Sur le plan économique, Youmni met en garde contre le risque de protectionnisme accru, prôné par les factions les plus radicales du RN. Une telle politique pourrait par exemple menacer les investissements français dans des secteurs clés comme l’aéronautique et l’automobile, essentiels pour l’économie de grandes villes marocaines telles que Casablanca, Tanger ou Kénitra.
Reconnaissance du Sahara
La question de la souveraineté du Sahara sera scrutée bien sûr par tous les observateurs avec une attention particulière portée aux positions parfois ambiguës de certains membres du RN. Le Royaume peut tout de même compter sur des figures comme Éric Ciotti qui a passé une alliance avec le RN et qui s’est déjà exprimé pour la marocanité du Sahara. Pour Tourabi, la haine viscérale qu’entretient le RN avec le voisin algérien peut contribuer à un rapprochement avec le Maroc mais de côté, Youmni met en garde contre toute concession qui pourrait compromettre les principes fondamentaux du Maroc: « Le Maroc ne laissera jamais ses ressortissants de faire maltraiter sans réagir . »

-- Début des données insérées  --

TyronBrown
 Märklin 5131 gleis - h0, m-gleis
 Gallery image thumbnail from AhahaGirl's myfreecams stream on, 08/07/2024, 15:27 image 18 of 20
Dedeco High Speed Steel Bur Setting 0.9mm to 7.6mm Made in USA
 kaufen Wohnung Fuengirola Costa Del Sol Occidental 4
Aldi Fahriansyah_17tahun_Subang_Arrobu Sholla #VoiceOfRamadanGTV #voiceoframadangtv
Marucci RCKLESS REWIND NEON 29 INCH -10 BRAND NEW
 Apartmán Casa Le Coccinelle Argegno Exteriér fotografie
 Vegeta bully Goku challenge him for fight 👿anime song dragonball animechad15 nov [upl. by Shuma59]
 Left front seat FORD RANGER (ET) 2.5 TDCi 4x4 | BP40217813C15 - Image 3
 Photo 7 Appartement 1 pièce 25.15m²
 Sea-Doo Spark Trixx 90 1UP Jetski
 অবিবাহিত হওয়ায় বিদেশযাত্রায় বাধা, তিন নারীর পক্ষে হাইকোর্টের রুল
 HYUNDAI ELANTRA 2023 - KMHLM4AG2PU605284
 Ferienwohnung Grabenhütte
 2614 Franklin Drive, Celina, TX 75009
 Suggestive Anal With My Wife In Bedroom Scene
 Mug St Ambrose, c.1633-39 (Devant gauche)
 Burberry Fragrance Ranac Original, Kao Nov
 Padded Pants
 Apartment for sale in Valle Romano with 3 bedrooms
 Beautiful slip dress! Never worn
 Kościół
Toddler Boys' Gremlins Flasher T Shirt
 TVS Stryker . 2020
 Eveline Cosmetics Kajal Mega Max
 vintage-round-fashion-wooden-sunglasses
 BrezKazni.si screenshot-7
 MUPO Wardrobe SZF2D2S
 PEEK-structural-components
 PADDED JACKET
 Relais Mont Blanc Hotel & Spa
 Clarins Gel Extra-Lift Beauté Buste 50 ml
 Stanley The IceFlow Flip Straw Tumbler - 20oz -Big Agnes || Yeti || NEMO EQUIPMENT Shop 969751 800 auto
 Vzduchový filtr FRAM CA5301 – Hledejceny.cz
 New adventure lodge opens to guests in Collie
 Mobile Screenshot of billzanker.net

Face à ces défis, il apparaît crucial pour le Maroc d’anticiper les évolutions politiques et d’adapter sa stratégie diplomatique et économique. Youmni souligne l’importance de préserver la place de la langue française et l’éducation à la française au Maroc, qui pourraient être remises en question par un changement radical de politique en France. Tourabi, quant à lui, rappelle la capacité du Maroc à maintenir un cap stable grâce à la vision à long terme du Roi Mohammed VI, tout en soulignant que certains comportements xénophobes et isolationnistes seraient diplomatiquement inacceptables.
La relation historique entre le Maroc et la France, bien que riche, doit s’adapter aux nouvelles réalités politiques. Alors que la France navigue à travers cette période tumultueuse, le Maroc se doit de rester vigilant et prêt à ajuster sa politique en conséquence, et ce, quel que soit le résultat des futures échéances électorales en France.